Definition of mutilation in English:



  • 1The action of mutilating or being mutilated.

    ‘a culture which found any mutilation of the body abhorrent’
    ‘there were fatalities and appalling mutilations’
    • ‘Scientists from a foreign power could be involved, performing the mutilations for analysis.’
    • ‘Nelson lost his eye and his arm in the course of his duties, accepting the risk of mutilation and death for what he believed was a higher purpose.’
    • ‘When police checked his computer it contained information about kidnappings, murder and the mutilation of bodies.’
    • ‘Whilst I was thus examining this new development, Joey sat motionless, as so often, totally mute, showing no emotion about the mutilation of his body as now revealed to me.’
    • ‘Now Anna feels like she is considered the resident expert on whippings, body mutilation, and pleasure through pain.’
    • ‘Their reasoning is that some local societies follow practices that violate human rights, such as female genital mutilation and other violations of the right against gender discrimination.’
    • ‘Human-rights organizations have charged his forces with widespread rape, massacres in churches, mutilation, torture, cannibalism and forced conscription of child combatants.’
    • ‘With an armed uprising by a united Iraqi opposition would there have been the killing and mutilation of thousands of people?’
    • ‘The exhibit consists of a laundry line from which hang works of art, poetry, personal reflections and bras replete with statistics about sexual abuse, eating disorders and genital mutilation.’
    • ‘Other pressures facing children in detention are the ongoing exposure to trauma of parents and siblings, witnessing acts of violence between officers and detainees, self-harm, mutilation and attempted hangings.’
    • ‘The play balances characters that vehemently oppose mutilation with vigorous proponents of a practice that they see as enhancing their culture.’
    • ‘Under the Anglo-Saxons and the Normans, and throughout the Middle Ages, criminals were punished by fines and, for serious crime, death or mutilation.’

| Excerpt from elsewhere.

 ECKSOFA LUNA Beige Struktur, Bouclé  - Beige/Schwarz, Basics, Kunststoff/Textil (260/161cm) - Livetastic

    • ‘It is amazing that readers, with little first-hand knowledge of the facts or of the police/military investigation, are quick to demand prison, mutilation or death to these individuals.’
    • ‘There are reports of rape, mutilation, and cannibalism.’

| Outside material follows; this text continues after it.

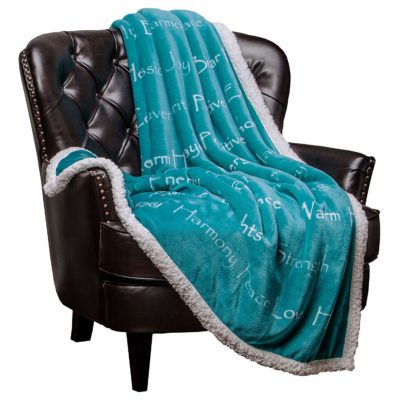 This is an image of a super soft teal plush blanket.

    • ‘Cattle mutilations are logically explainable only as Extraterrestrial activities.’
    • ‘They suffer social ostracism, economic deprivation, educational backwardness and they invariably fall prey to most serious forms of persecution in society - rape, killings, mutilation, arson, destruction of property.’
    • ‘The images of suffering and mutilation, of limbless children and deformed young women, have been in the media for years, from Afghanistan to Zimbabwe.’

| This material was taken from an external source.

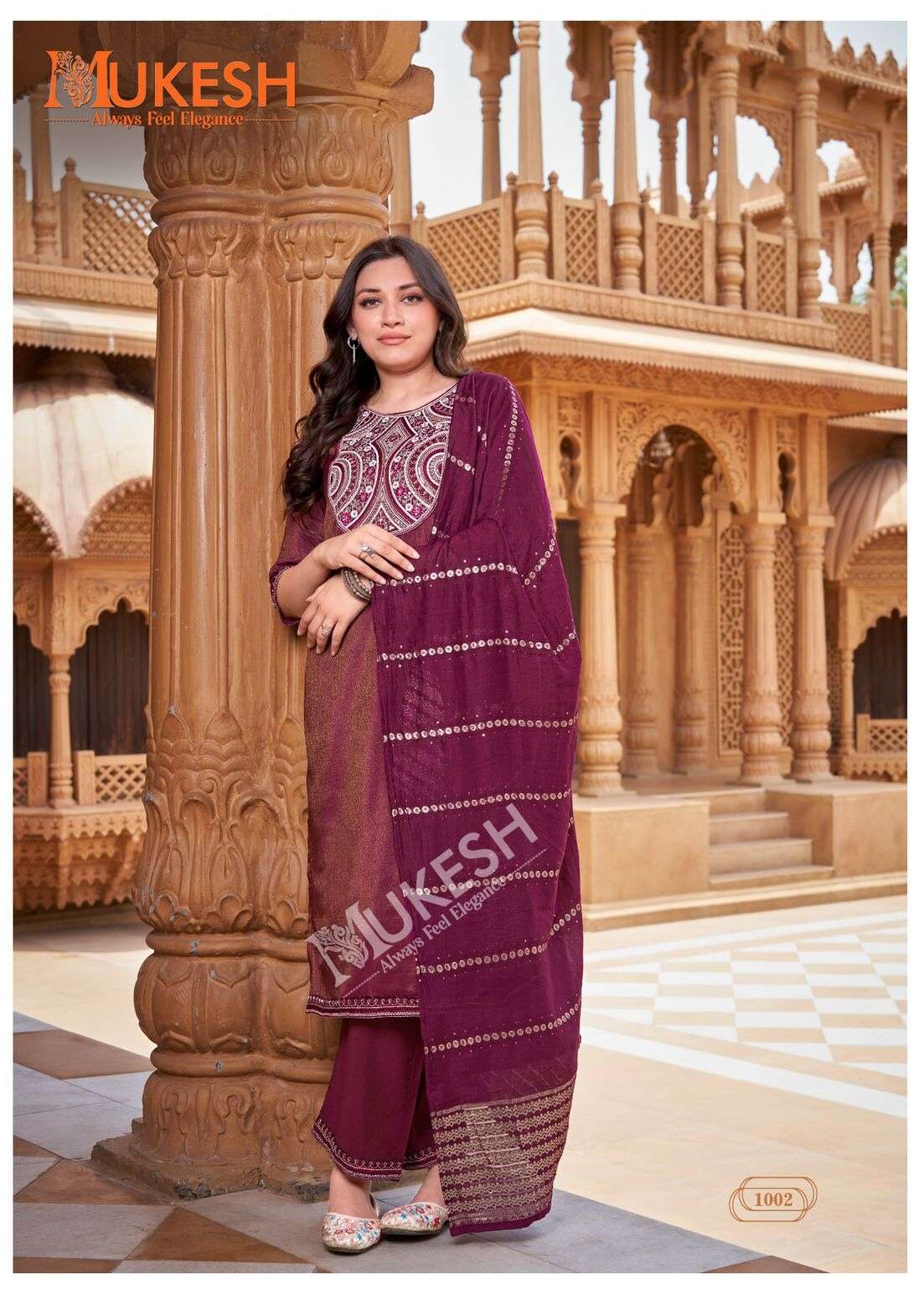 SINDOOR BY MUKESH IN PURE VISCOSE SIMMER ROMAN  WITH HEAVY BEADS EMBROIDERY HANDWORK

    • ‘Mutilation was used throughout medieval and early-modern Europe to inscribe punishment publicly upon the body.’
    • ‘The animal had clear signs of mutilation: it was missing an eye, its udders and its reproductive organs.’
    • ‘The military is, however, quite interested in all alien activities including cattle mutilations, and actively seeks to investigate them.’
    maiming, disfigurement, dismembering
    View synonyms
    1. 1.1 The infliction of serious damage on something.
      ‘the mutilation of the English language’
      • ‘The initial authors of a report may often object to the mutilation of their manuscript.’
      • ‘A typical instance of mutilation of a notable literary work to serve commercial interest had come up in a judicial court recently over a TV serial.’
      • ‘As this passage indicates, the white supremacist denial of black success effects a symbolic decapitation, or, more properly, psychological mutilation.’
      • ‘Beware of agency mutilation of your footers.’
      • ‘However, the mutilation of the monuments indicate that she had fallen from grace.’
      • ‘He was indignant about the mutilation of the cable and wanted to make a complaint about it right away.’
      • ‘Likewise in the poem, the author conjures up the image of a "common motherland", and once again mourns the mutilation of rural Punjab.’